The biggest transformation wrought by the rain is in the Woolsey Fire burn scar, where new growth is covering blackened hillsides with vibrant green, and the promise of rarely seen fire followers, herbaceous flowering plants that are only abundant after a wildfire.

“We are expecting a very good showing because of the fire,” said Mark Mendelsohn, a National Park Service (NPS) biologist at Santa Monica Mountains National Recreation Area (SMMNRA).

Mendelsohn is part of a team of biologists monitoring the new growth. They’ve even created a hashtag so the public can keep up with developments:  #WildflowerWatch2019.

Mendelsohn and his colleagues will be looking for more than a hundred species of fire followers. In some areas the first flowers are already appearing, despite the cold spell.

In December, the Messenger Mountain News accompanied Mendelsohn into upper Trancas Canyon, an area so hard hit by the fire that it resembled the surface of Mars. More than 14 inches of rain later, the blackened oak trees in that canyon are beginning to re-sprout, and patches of the canyonside are carpeted in ethereal pink shooting star flowers (Primula clevelandii), and dense mats of tiny, sweet-scented wild cucumber flowers (Marah macrocarpus).

Flowers to look for in the burn area as spring progresses include fields of California poppies and lupines, along with other annual wildflowers like clarkia, larkspur, gold fields, ground pinks, and owl clover.

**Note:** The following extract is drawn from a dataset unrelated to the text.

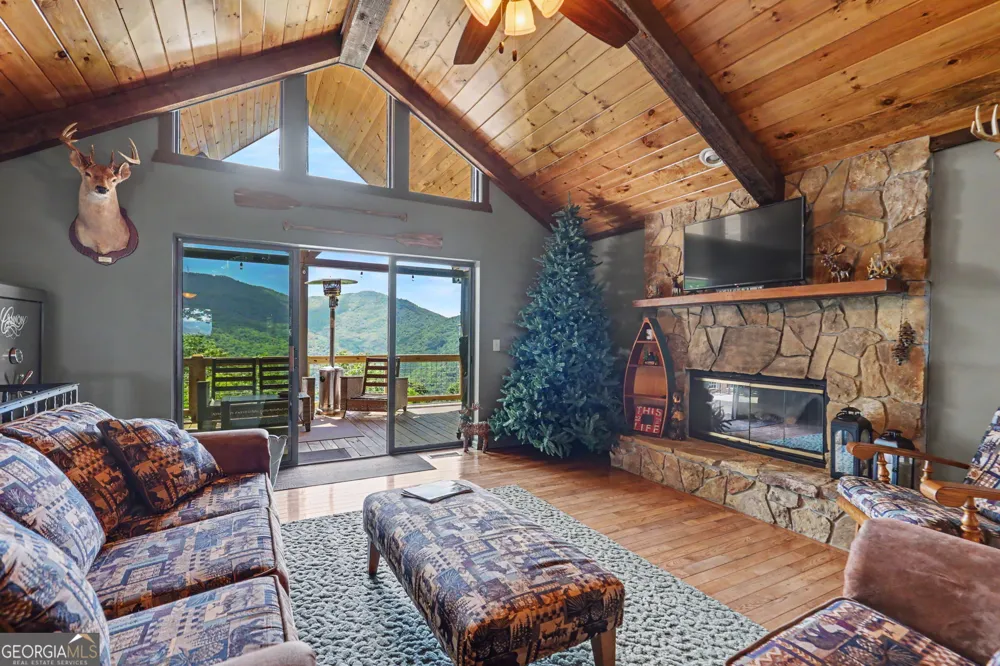 2379 Ridgepole DR Sky Valley, GA 30537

Rarer flowers—like mariposa lilies, and true fire followers, like California Canterbury bells and fire poppies—flowers with seeds that can lie dormant in the soil for decades waiting for the first rains following a wildfire to germinate—are also expected to appear.

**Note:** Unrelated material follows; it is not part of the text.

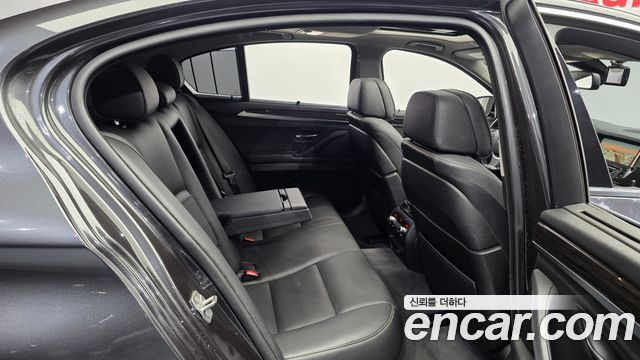 BMW 5 Series (F10) 528i Luxury Plus 2016 — фото 11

The true fire followers take advantage of the absence of large shrubs and trees following a fire. Species like bush poppy (Dendromecon rigida) and wooly blue curls (Trichostema lanatum) spring up after the annual flowers have bloomed following a fire and before the chaparral shrubs and trees recover. They grow and bloom for only few years—until they are pushed out by the recovering shrubs—depositing seeds in the soil that will not germinate until after the next cycle of fire.

“Woodlands and shrub lands were hit hard by the fire,” NPS spokesperson Ana Cholo reports. “In some cases, all above-ground plant matter was consumed.”

NPS biologists are monitoring oaks and sycamores in the the burn scar and watching for signs of regrowth. By the end of the spring growing season they will have a better idea how many trees will recover, and how many were killed by the fire.

“We should see some kind of response from them,” said John Tiszler, a supervisory plant biologist who has worked at SMMNRA for 22 years. “Even if we see resprouting, it doesn’t necessarily mean the tree will recover. They don’t always make it in the long run. After the Springs Fire, a number of oak trees initially re-sprouted, but they ultimately didn’t make it.”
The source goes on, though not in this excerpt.